“It is better to strive in one’s own dharma than to succeed in the dharma of another. Nothing is ever lost in following one’s own dharma. But competition in another’s dharma breeds fear and insecurity.”
~ Lord Krishna in The Bhagavad Gita
The content of the Bhagavad Gita consists of a conversation between Krishna, the manifestation of the Lord, and the warrior prince Arjuna before the start of the Kurukshetra war. Krishna is advising Arjuna as he hesitates and is full of doubt about going to war against his cousins. Krishna reveals to Arjuna that his dharma is being a Warrior. The Gita points the way to following the yogic path of living in harmony with universal laws as we strive to live our highest truths.
Dharma comes from the Sanskrit dhri, which means “to support, hold up or bear.”
The word means many things, but according to Eknath Easwaran, dharma “implies support from within: the essence of a thing, its virtue, that which makes it what it is.”
In essence, we all have our own “dharma” or purpose and reason for being alive. As Krishna states in the Gita, following someone else’s dharma brings insecurity.

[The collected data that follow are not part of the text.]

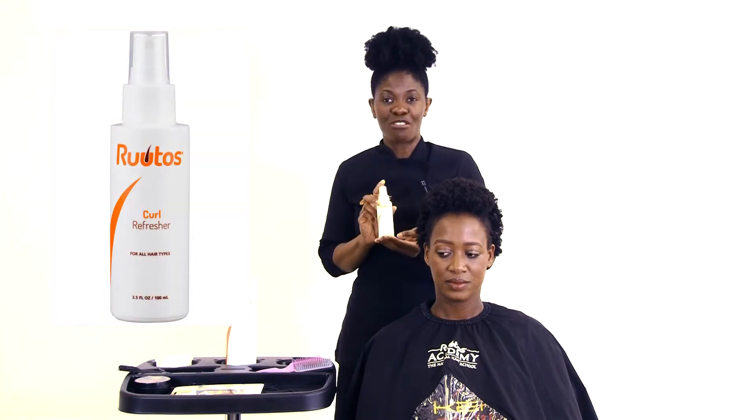Hi, my name is Lucio Poco, a hair consultant at RUTOS, and today I'll be showing you our revolutionary hair care must-have, the RUTOS Coil Refresher.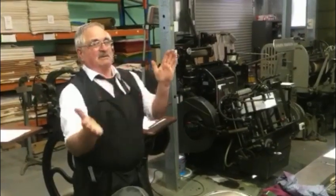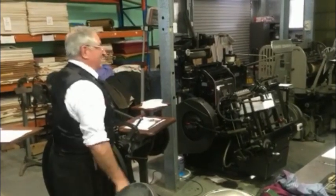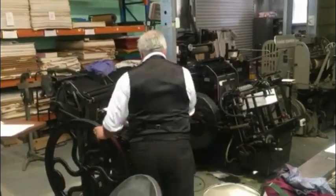These machines are just like this all the time. This one stays there — it gives a slightly better print. It's only for a fraction of a second longer. Still got the same old motor on it.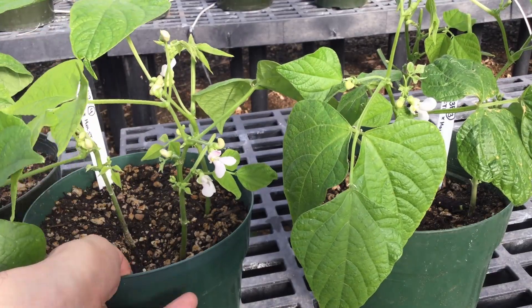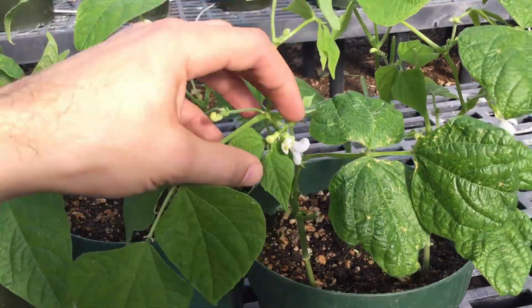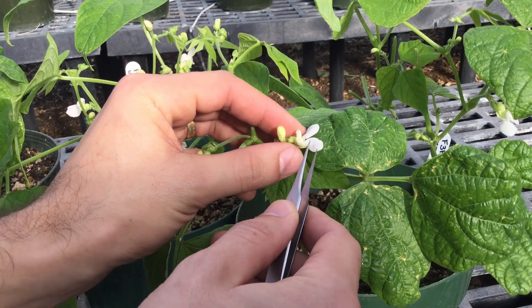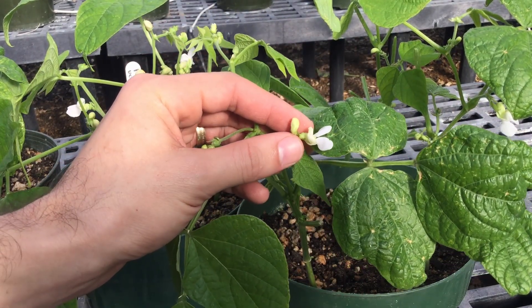On our plant that we're going to use as a mother, we want to have nice full-size buds like this, which are very close to being ready to flower.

If you live your life trying to impress others and not fulfilling what you’re here to do, you will suffer.
In yoga teacher training, we were asked to contemplate what our personal dharma was. For me, it took some time for the wisdom to be come to the light of day. I journalled and asked myself what was it that I have always lived by. What was beyond the roles I played in life and the jobs I had had. What gave my life meaning and purpose….
I discovered that my dharma was to “learn, grow and share”. This is what I have always done, and will always do. Yep – if I was on the TV series Survivor I would be doing it. It fills me with joy and gives my life meaning. It is my authentic path.
Have you considered what your dharma is in this life? Take time to let this question settle in to the deepest part of your being.
Then consider – Are you living your dharma? Or struggling to fulfill someone else’s ideas about who you should be and what you should do?